Realism has often been accused, by the artistic currents of the late 19th and early 20th centuries, of coldness, of a purely aesthetic narrative from which the artist’s interiority did not emerge, but was simply a faithful reproduction of what his gaze caught, without making his own thoughts, the sensation perceived in front of the characters posing or those whose actions caught his eye, leading him to reproduce their gestures. Especially in the subject of portraits, there was no closeness between the subject and the artist; rather, there seemed to be a kind of emotional detachment because it was the form that had to prevail. With the rise of Expressionism and all the movements of the twentieth century, adherence to reality slowly lost its predominant role to the point of being completely replaced by the intense world of emotions, in the case of Expressionism, of dreams and nightmares, as in Surrealism, by formal decomposition constituting different and contemporary points of view of what the eye observed, as in the case of Cubism, or with the complete negation of form, which instead was the main objective and aim of Abstractionism and all that derived from it. However, the faces and scenes of everyday life immortalised by the masters of Realism did not reveal the interpretation of the artists but rather the emotions and objective thoughts of the protagonists narrated, revealing a mode of observation that was more oriented towards listening than towards dialogue; as the 20th century progressed, there were several currents of painting that wished to maintain contact with objectivity, with aesthetic form, and which therefore rejected the considerations of the avant-gardists, demonstrating through their works how a formally harmonious image could instead allow emotions and feelings to shine through notwithstanding its apparent perfection.

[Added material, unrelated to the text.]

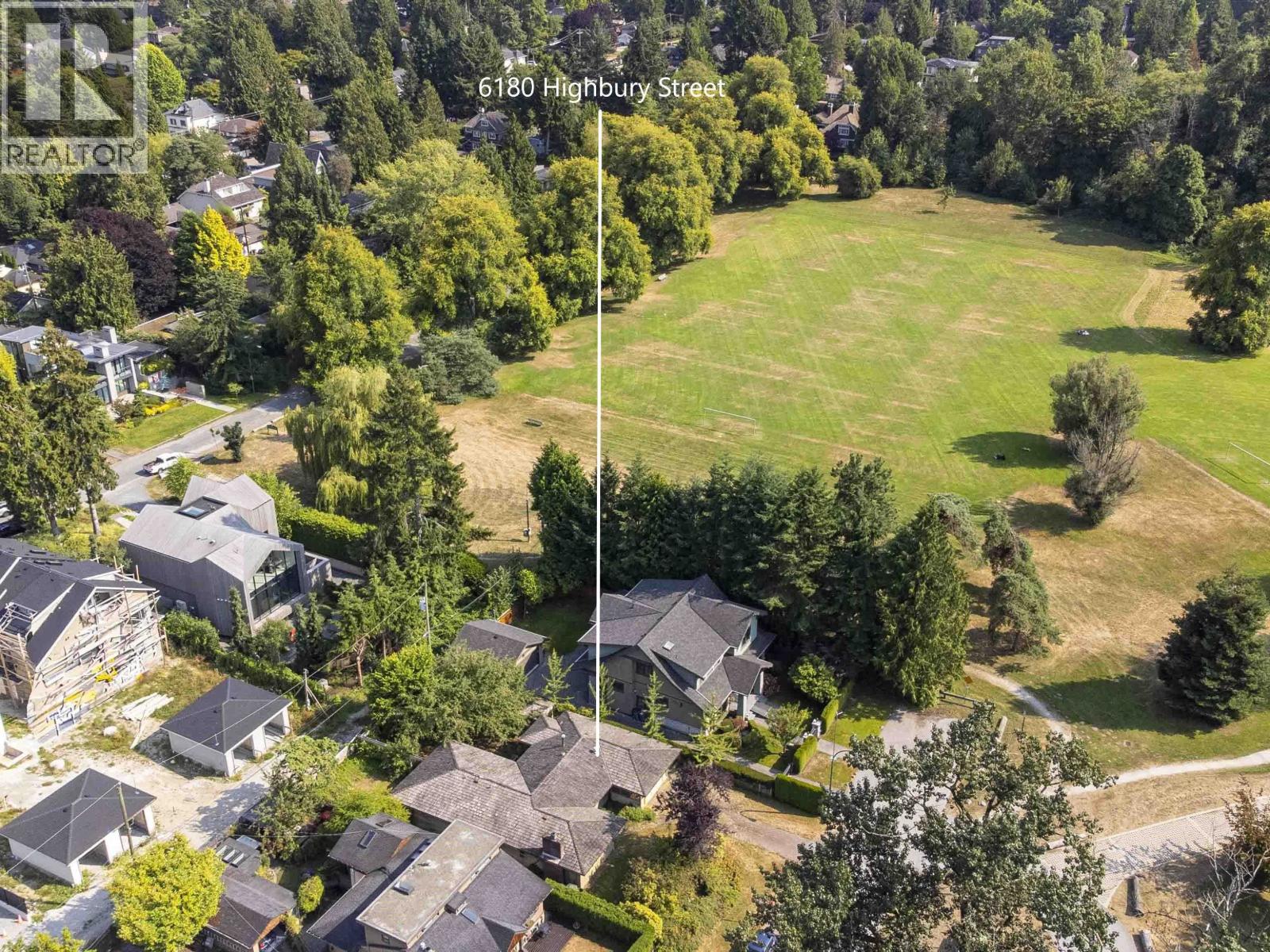 6180 HIGHBURY STREET|Vancouver, British Columbia V6N1Z3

In the United States, American Realism displayed a strongly emotional and psychological approach, despite the faithful reproduction of the landscapes and scenes depicted, by virtue of which the unease and loneliness of human beings in the 1950s emerged, their often destitute and difficult living conditions, and the sense of emptiness that leaked from the gazes of the characters portrayed; Edward Hopper, with his images of the American middle class, that apparent good life often accompanied by a profound sense of isolation, demonstrated how the new approach to Realism could be imbued with emotionality and inner exploration. Bolognese painter Carla Patella, aka Karlotta, takes the theme of the portrait and wraps it in atmospheres that reveal her empathic inclination, that dialogue in which, however, the listening part takes priority, thus succeeding in figuratively manifesting everything that moves within the mind and the gaze, often even in an unconscious manner. Beauty may not exclude depth, the artist seems to suggest; everything that strikes the eye through its external form has its own more intimate essence, more solid than the prevailing appearance; her characters are captured in reserved moments, those during which it is easier to get in touch with one’s inner self, the most fragile part which is therefore protected and safeguarded, but which in front of Patella’s enveloping gaze emerges and tells itself to the observer.

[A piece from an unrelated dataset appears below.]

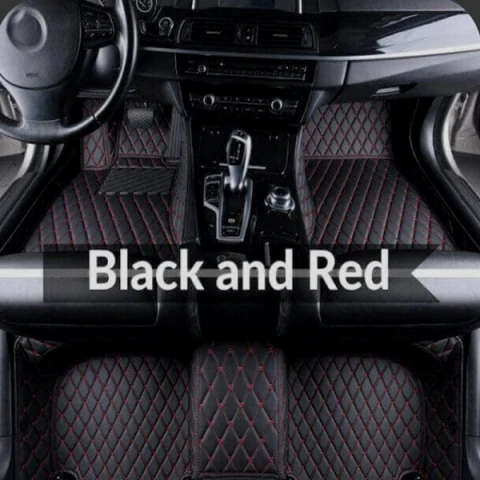 Коврики автомобильные для Mercedes Benz X164 X166 GL GLS class GL350 GL450 GL550 GLS350 GLS450 GLS500 GLS550 |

Her style is undoubtedly Realist without, however, presenting a detachment from the depicted subject, quite the contrary, the artist shares, understands, welcomes, the sensations and emotions and amplifies and investigates the personality of the protagonists and its facets to make them explicit, to spread them within the canvas. In Stardust, Carla Patella recounts a distant yet amusing epoch, that of the 1920s, a period between the two world wars during which the joy of living was imperative and where the search for beauty was part of a new everyday life, of a renewed sense of relief at the return to peace accompanied by the unprecedented awareness of having to take advantage of life’s gifts precisely by virtue of the risk just passed of losing them; the woman observes the viewer intensely, almost as if to challenge him to escape her fascination, aware of how aesthetics were and are an important element in the society of the time as well as in today’s society, which is perhaps even too concerned with form. The reference to the past constitutes a parallel with the present, making the canvas intense and topical. In the painting L’indecisione di Jolie (Jolie’s indecision), the protagonist’s expression is that of doubt but also of meditation; she seems to be on the point of doing something, but at the same time she is restrained, as if a series of reactions that she is not sure she can withstand could unravel from that action; her thoughts manifest themselves on the canvas thanks to Patella’s interpretative sensitivity; she never judges, she simply recounts what her gaze observes and her interiority receives. There is shyness in the girl’s gaze, but also unscrupulousness, determination mixed with insecurity, malice and candour, contrasting aspects masterfully revealed by the artist, who shares and enhances the facets of the character she tells. In Ti regalerò la rosa (I will give you the rose) the woman turns as if her attention has been attracted by a voice, by a person, perhaps a man, who is trying to hold her back, not to let her go despite her intention to leave.
The expression on her face is both melancholic and sweet, as to underline a reaction provoked by a behaviour, a gesture, a word, which has caused her disappointment, disillusionment of an expectation that was perhaps was too high. This is the meaning of that rose, that action aimed at recovering what has just been lost, at bringing a smile back to the woman’s face and erasing the sadness that veils her gaze. In her painting La noia (Boredom), Carla Patella emphasises the apathy that often envelops contemporary existence due to the awareness of being able to have everything without effort, an approach that in the long run generates the feeling that any action, any circumstance, does not stimulate the enthusiasm of conquest, of having to make an effort to obtain a result or a moment of leisure. In the society of the image, where everything prevails over the substance, the imperative is to give priority to an appearance, a vacuity that cannot help but generate an inner emptiness that in the long run turns into boredom, more towards oneself than towards what one is doing; the inability to be moved by small things is the greatest limitation of contemporary man, who finds himself disoriented and unable to feel emotion for anything other than the pursuit of that appearance which has now become the very essence of society. Carla Patella has taken part in many group exhibitions throughout Italy, including a solo exhibition in Bologna in 2006, and her artworks have been included in numerous catalogues and art magazines.